Disuatu waktu ibu datang ke sekolah untuk menjenguk keadaanku. Lantaran sudah sekian hari saya tidak pulang ke rumah serta tidak tidur dirumah. Lantaran rumah kumuh itu membuatku muak, membuatku kesempurnaan yang kumiliki manjadi cacat. Akan kuperoleh apapun untuk meraih sebuah kesempurnaan itu.
Tepat di waktu istirahat, Kulihat sosok wanita tua di pintu sekolah. Bajunya juga bersahaja rapi serta sopan. Tersebut ibu ku yang memiliki mata satu. Serta yang selalu bikin saya malu dan yang lebih memalukan lagi Ibu memanggilku. “Mau ngapain ibu ke sini? Ibu datang cuma untuk mempermalukan saya! ” Bentakkan dariku membuat diri ibuku segera bergegas pergi. Serta itulah memanglah yang kuharapkan. Ibu juga bergegas keluar dari sekolahku. Lantaran kehadiranya itu saya betul-betul malu, begitu malu. Hingga beberapa temanku berkata serta bertanya. “Hai, itu ibumu ya???, Ibumu matanya satu ya? ” yang menjadikanku bagai disambar petir mendapat pertanyaan seperti itu.
Beberapa bulan kemudian saya lulus sekolah serta memperoleh beasiswa di sebuah sekolah diluar negeri. Saya memperoleh beasiswa yang ku incar serta kukejar supaya saya dapat segera meninggalkan rumah kumuhku serta terlebih meninggalkan ibuku yang membuatku malu. Ternyata saya berhasil mendapatkannya. Dengan cerminanbangga kubusungkan dada serta saya pergi pergi tanpa memberitahu Ibu karena bagiku itu tak perlu. Saya hidup untuk diriku sendiri. Persetan dengan Ibuku. Seseorang yang selalu mnghalangi kemajuanku.
Di Selolah itu, saya menjadi mahasiswa terpopuler lantaran kepintaran serta ketampananku. Saya sudah berhasil dan kemudian saya menikah dengan seorang gadis Indonesia serta menetap di Singapura.
Singkat cerita saya jadi seorang yang berhasil, begitu berhasil. Tempat tinggalku begitu elegan, saya memiliki seorang anak lelaki berumur tiga tahun serta saya sangat menyayanginya. Bahkan juga saya ikhlas mempertaruhkan nyawaku untuk putraku itu.
10 tahun saya menetap di Singapura, belajar serta membina rumah tangga dengan serasi dan sekalipun saya tidak pernah pikirkan nasib ibuku.

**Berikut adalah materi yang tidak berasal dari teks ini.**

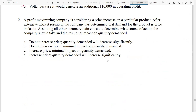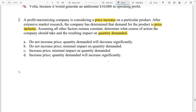Question number two: a profit-maximizing company is considering a price increase on a particular product. After extensive market research, the company determined that demand for the product is price inelastic. Assuming all other factors remain constant, determine what action the company should take and the resulting impact on quantity demanded. Management is thinking whether to increase the price, and if so, what impact will it have on quantity demanded, given that it is price inelastic.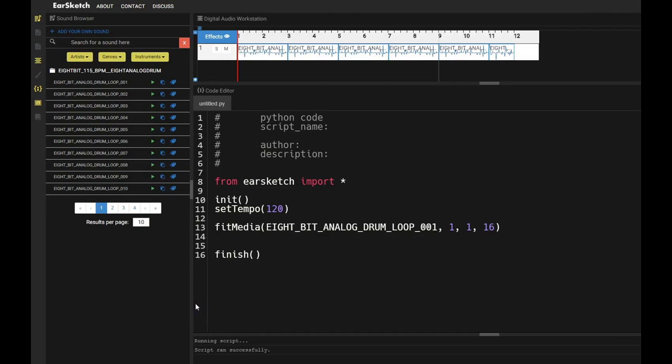Today we're going to be using a new tool called EarSketch. It allows you to turn Python code into music using a variety of libraries that the EarSketch team has put together.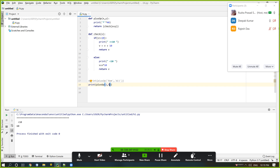Are you understanding, Deepak? That means return within return — function within function use. In this way we can do better things.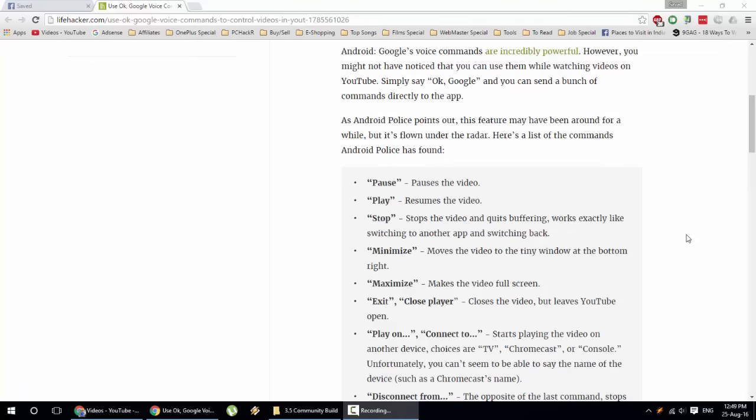Hello YouTube, with the recent update now you can control YouTube videos just using your voice commands through OK Google.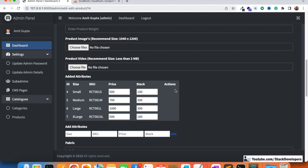In the next video, we are going to add action buttons for these attributes — active/inactive toggles and a delete functionality, so we can manage attributes anytime. Please stay tuned for the next video. That's all for now. Have a nice time. Goodbye.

Sedikit juga saya tidak rindu kepadanya, saya tidak mencemaskannya. Saya BAHAGIA dengan kehidupan ku saat ini.
Tapi pada suatu hari kehidupanku yang sempurna itu terganggu, waktu putraku tengah asik bermain di depan pintu. Tiba-tiba datang seorang wanita tua renta dan sedikit kumuh menghampirinya. Serta kulihat dia adalah Ibuku, Ibuku datang ke Singapura. Tak tahu untuk apa dan dari mana dia peroleh ongkosnya. Dia datang menemuiku.
Seketika saja Ibuku ku usir. Dengan mudah saya mengatakan : “HEY, PERGILAH KAU PENGEMIS. KAU MEMBUAT ANAKKU TAKUT! ” Serta tanpa membalas perkataan kasarku, Ibu lalu tersenyum, “MAAF, SAYA SALAH ALAMAT”

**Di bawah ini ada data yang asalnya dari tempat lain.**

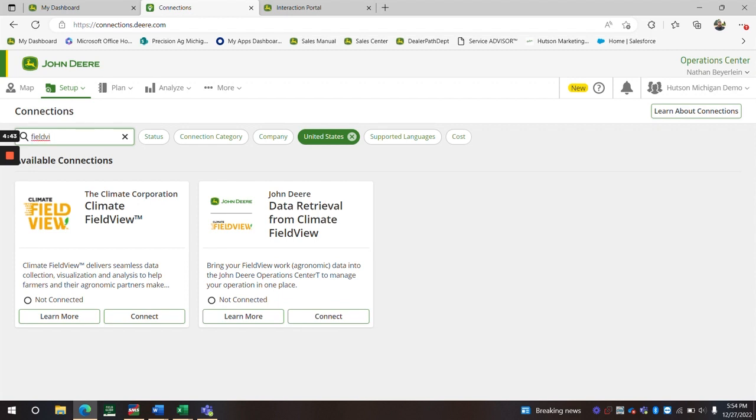Searching up FieldView. There's two here that we want to do. If you want your data to come from John Deere to Climate, you would do this one right here, the Climate FieldView. But if you're using Climate to bring in your precision planting data or other colored equipment, you would click John Deere data retrieval from Climate FieldView.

Tanpa merasa besalah, saya masuk kedalam rumah.
Beberapa bulan lalu datanglah sepucuk surat undangan reuni dari sekolah SMA ku. Saya juga datang untuk menghadirinya serta beralasan pada istriku kalau saya bakal dinas ke luar negeri.

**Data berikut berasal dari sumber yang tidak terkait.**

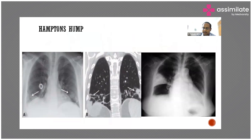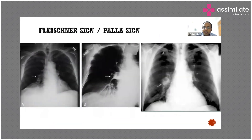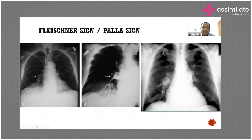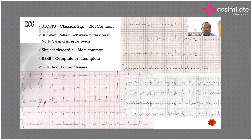This is Fleischner sign — you can see an enlarged main pulmonary artery. The Palla sign shows an enlarged right descending pulmonary artery. These signs are less frequently seen, so we cannot diagnose pulmonary embolism with clinical signs, symptoms, or x-ray alone.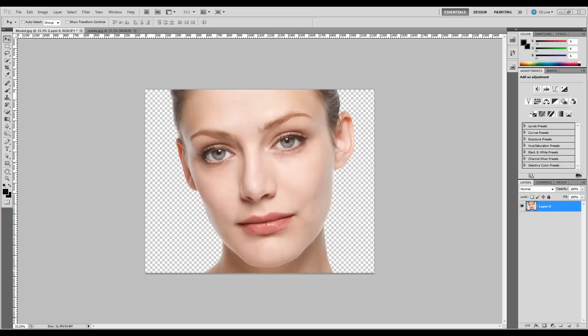Hi everyone, this is Tony from Saks Studios. Thanks for joining me. Today we're going to do a fun tutorial on what's known as a crack and peel. It's basically where you take a picture of a person, maybe somebody you know or just a random model, and you want to make it look like their face is cracking and peeling.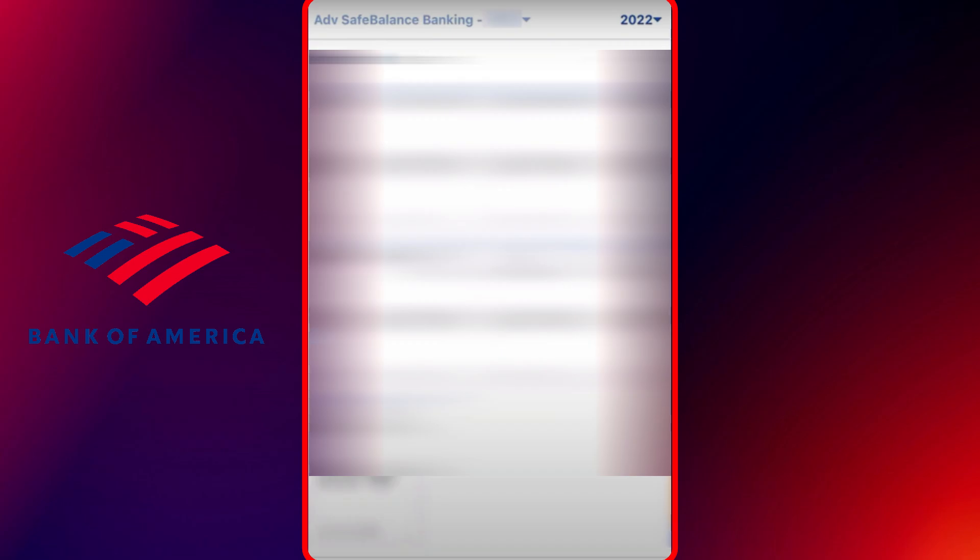The document will then open, and you should see an option to download or save the file to your device. Once downloaded, you can access it anytime for your records or print it out if needed.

Singkat cerita, tibalah saya di kota kelahiranku. Tidak lama cuma ingin menghadiri pesta reuni dan sedikit menyombongkan diri yang telah sukses ini. Berhasil saya bikin semua sebagian temanku kagum pada diriku yang saat ini.
Selesai Reuni tak tahu megapa saya ingin lihat keadaan rumahku sebelum pulang ke Sigapore. Tak tau perasaan apa yang membuatku melangkah untuk lihat rumah kumuh serta wanita tua itu. Sesampainya di depan rumah itu, tidak ada perasaan sedih atau bersalah padaku, bahkan saya sendiri sebenarnya jijik memandangnya. Dengan rasa tidak berdosa, saya masuk rumah itu tanpa ada mengetuk cerminan pintu terlebih dahulu. Ku saksikan rumah ini demikian berantakan. Saya tidak menemukan sosok wanita tua didalam rumah itu, entahlah dia ke mana, namun malah saya merasa lega tidak berjumpa dengannya.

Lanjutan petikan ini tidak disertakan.